Pointers kiri-kaeshi (切り返し) by Kamei Toru (Hanshi 8 dan)

  1. 0:12 min The Motodachi (receiver) moves backwards without the taiatari (or body check) after the Uchidachi strikes the initial men.
  2. 0:35 The Uchidachi (person striking) continues to move forward after striking men and starts striking sayumen (left and right sided men-uchi) only after the motodachi (receiver) raises his/her shinai to the side of the head to signal “start sayumen”.
    1. 1:37 The taiatari is used to help children learn kiri-kaeshi and not needed for adults.
  3. 3:35 There’s two ways for the Motodachi to receive the strikes.
    1. Motodachi receives with the shinai close to the men (and the hand off-center and near the body with the left hand near the bottom edge of the do).
      1. This is to encourage the Uchidachi (the person striking) to extend their arms when striking.
    2. 4:12 Motodachi can extend the shinai forward and strike the Uchidachi’s shinai (Though difficult to catch, I believe Kamei sensei called it kiri-otoshi) – to encourage the Uchidachi to use more effort
      1. This is not recommended, however, when receiving from kids – who then forget to extend their arms when striking.
  4. 4:49 Uchidachi should aim to strike the right and left side of the Motodachi’s menMotodachi can lower his/her shinai to ensure that the Uchidachi is striking correctly.
  5. 5:15 The Uchidachi
    1. Shouldn’t pull back the hands and shinai back too much and should allow a natural recoil with the arms extended forward.
    2. Should execute a good initial men strike.  No sloppiness nor rushing.  Do it from issoku-itto (or touma if you can) and with crisp/sharpness as if in a match.
    3. Should strike a crisp, accurate initial sayu-men.  The ones thereafter will follow accordingly in a similar manner.
    4. 8:08 Should strike the last sayu-men accurately.
    5. 8:35 Should return to kamae after the last sayu-men before striking the next men-uchi.
    6. 9:16 Should strike with the principle of:  “dai-kyou-kei-soku” = “ookiku, tsuyoku, karuku, hayaku” = Large, Strong, Light, Fast – as explained in more detail below.
      1. 9:37 Plus a fifth element of: “kakujitsuni” = accurately.
  6. 11:35 Teachers should be able to demonstrate the proper techniques and do as they teach.

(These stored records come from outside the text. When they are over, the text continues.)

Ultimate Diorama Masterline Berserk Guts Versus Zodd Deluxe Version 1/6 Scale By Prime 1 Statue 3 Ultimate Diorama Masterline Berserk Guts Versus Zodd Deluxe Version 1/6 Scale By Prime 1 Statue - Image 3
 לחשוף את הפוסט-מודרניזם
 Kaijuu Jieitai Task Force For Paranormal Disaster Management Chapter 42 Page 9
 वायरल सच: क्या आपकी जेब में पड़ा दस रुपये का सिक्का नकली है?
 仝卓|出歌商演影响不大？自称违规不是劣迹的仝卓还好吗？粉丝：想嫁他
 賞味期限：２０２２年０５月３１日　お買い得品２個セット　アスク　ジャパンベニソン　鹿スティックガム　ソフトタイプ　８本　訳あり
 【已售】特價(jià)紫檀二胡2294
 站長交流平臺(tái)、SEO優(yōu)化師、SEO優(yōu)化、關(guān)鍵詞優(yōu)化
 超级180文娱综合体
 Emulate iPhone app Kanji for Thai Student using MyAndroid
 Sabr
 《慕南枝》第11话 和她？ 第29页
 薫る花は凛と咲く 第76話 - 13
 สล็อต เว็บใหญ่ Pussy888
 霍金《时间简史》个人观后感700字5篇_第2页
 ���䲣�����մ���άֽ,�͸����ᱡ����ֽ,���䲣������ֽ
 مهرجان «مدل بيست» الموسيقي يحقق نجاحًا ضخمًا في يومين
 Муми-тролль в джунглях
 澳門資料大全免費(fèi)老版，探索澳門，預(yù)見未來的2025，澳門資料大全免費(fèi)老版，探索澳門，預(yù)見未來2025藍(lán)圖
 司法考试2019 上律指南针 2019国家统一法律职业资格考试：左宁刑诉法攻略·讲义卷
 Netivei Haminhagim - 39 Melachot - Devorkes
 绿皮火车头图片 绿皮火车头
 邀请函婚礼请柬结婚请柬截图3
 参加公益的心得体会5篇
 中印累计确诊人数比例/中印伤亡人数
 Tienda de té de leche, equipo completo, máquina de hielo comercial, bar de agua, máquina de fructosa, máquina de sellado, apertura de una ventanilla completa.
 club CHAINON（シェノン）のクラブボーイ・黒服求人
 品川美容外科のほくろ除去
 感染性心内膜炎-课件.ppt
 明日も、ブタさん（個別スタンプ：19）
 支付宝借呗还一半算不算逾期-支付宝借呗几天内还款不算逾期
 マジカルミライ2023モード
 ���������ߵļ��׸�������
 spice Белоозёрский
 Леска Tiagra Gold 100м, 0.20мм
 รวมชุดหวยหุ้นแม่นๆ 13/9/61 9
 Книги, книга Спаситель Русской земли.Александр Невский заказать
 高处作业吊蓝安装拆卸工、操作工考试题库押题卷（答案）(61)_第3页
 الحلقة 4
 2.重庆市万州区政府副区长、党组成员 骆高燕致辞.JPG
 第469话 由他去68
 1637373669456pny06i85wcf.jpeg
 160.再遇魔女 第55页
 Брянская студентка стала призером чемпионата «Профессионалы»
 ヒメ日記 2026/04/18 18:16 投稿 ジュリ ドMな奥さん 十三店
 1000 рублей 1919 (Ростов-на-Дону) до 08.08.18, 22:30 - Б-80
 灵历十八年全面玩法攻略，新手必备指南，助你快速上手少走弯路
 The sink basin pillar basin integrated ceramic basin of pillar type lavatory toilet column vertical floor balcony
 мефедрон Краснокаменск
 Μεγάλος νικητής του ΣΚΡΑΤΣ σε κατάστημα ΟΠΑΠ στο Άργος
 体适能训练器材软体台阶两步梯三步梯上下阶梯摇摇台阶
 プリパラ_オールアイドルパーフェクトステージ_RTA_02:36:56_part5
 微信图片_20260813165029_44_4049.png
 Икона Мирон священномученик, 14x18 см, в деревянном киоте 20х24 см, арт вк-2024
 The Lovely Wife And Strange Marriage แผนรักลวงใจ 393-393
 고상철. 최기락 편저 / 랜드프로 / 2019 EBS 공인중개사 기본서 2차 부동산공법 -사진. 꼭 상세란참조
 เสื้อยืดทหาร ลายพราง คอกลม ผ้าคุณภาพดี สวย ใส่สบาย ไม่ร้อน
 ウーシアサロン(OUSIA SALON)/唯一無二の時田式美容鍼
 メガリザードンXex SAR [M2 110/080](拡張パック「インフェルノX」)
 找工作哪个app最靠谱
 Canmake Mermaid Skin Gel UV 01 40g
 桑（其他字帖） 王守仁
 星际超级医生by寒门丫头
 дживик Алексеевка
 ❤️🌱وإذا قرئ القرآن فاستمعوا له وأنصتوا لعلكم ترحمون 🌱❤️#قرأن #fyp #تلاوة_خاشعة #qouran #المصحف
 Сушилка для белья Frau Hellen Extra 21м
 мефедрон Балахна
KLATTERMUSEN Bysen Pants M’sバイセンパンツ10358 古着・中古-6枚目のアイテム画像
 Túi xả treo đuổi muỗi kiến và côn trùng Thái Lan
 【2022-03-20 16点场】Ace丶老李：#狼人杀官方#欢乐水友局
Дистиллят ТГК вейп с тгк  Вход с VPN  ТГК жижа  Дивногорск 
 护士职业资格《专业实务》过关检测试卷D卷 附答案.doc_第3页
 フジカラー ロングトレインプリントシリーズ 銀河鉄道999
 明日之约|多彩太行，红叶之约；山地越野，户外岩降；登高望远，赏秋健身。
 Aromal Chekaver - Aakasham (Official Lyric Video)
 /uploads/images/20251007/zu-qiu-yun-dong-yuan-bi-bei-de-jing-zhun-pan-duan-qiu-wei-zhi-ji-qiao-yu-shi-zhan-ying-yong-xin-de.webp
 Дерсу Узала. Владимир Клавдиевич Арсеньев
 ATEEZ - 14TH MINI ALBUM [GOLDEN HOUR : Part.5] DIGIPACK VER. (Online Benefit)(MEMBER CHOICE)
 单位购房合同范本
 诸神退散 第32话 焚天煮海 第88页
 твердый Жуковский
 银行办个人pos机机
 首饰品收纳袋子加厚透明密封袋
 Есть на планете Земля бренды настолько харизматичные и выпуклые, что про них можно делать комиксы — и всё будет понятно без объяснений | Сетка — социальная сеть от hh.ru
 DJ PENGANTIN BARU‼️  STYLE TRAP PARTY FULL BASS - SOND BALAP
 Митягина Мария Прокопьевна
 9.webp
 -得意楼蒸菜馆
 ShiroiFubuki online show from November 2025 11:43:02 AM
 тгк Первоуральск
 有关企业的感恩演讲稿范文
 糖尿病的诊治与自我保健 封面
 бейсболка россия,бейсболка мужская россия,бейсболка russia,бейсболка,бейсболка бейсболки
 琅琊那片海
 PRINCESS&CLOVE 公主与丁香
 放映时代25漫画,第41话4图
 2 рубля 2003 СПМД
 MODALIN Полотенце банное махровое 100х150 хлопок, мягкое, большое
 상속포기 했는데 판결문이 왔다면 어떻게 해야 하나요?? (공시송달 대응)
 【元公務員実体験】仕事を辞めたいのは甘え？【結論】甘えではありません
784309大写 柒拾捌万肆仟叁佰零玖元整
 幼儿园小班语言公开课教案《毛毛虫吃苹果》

“Large, Strong, Fast, Light” (大強速軽 dai-kyou-soku-kei)

This principle is expanded upon here.  Its more prevalent ordering appears to be 大強速軽 dai-kyou-soku-kei (where the order of the last two components are switched).  It encapsulates the natural progression of learning sword techniques according to [Hedges DaiKyoSokuKei]  [Weblio_DaiKyouSokuKei]:

  1. From [Hedges DaiKyoSokuKei]:
    1. Dai (Big) – … At this stage of learning big movements are necessary to allow you to learn the basic mechanics of the technique.
    2. Kyo (Strong) – Only when the basic technique is mastered can you move to this stage and start to add power to your movements.
    3. Soku (Fast) – Without perfect technique, adding speed is futile. The addition of speed and strength will result in power.
    4. Kei (Light) – The final stage where all movements become light and subtle yet faster and more powerful than ever before. To the observer movements appear effortless. To attempt lightness too early will merely result in weak movements, Light is a result of countless repetitions over hours of training.
  2. From [Weblio_DaiKyouSokuKei]:
    1. That is, at the beginning, strike with a big swing and hit strongly and correctly.  With time, your technique (waza) becomes faster and faster, free of any unnecessary extra power and gradually lighter and easier.  And your kendo shall become fine and have sae (the sharp, clean cut).
      1. Original Text in Japanese:  初心者指導の幼諦は「大きく正しく」ということで大強速軽はその上達への過程を教えたものである。すなわち最初は大きく振り冠(かぶ)って強く正しく打つ。そのうちに技もだんだん速くなり、無駄力をなくして次第に軽妙になり、冴えのある立派な剣道になるということである。


[Hedges_DaiKyouSokuKei] Dave Hedges, “Big, Strong, Fast, Light – Samurai’s & Kettlebells,” Wild Geese Fitness Training, June 20, 2011.

[Kamei_Kiri-Kaeshi] Kamei Sensei – Kiri-Kaeshi, YouTube, 12:16 mins, Dec 13, 2012.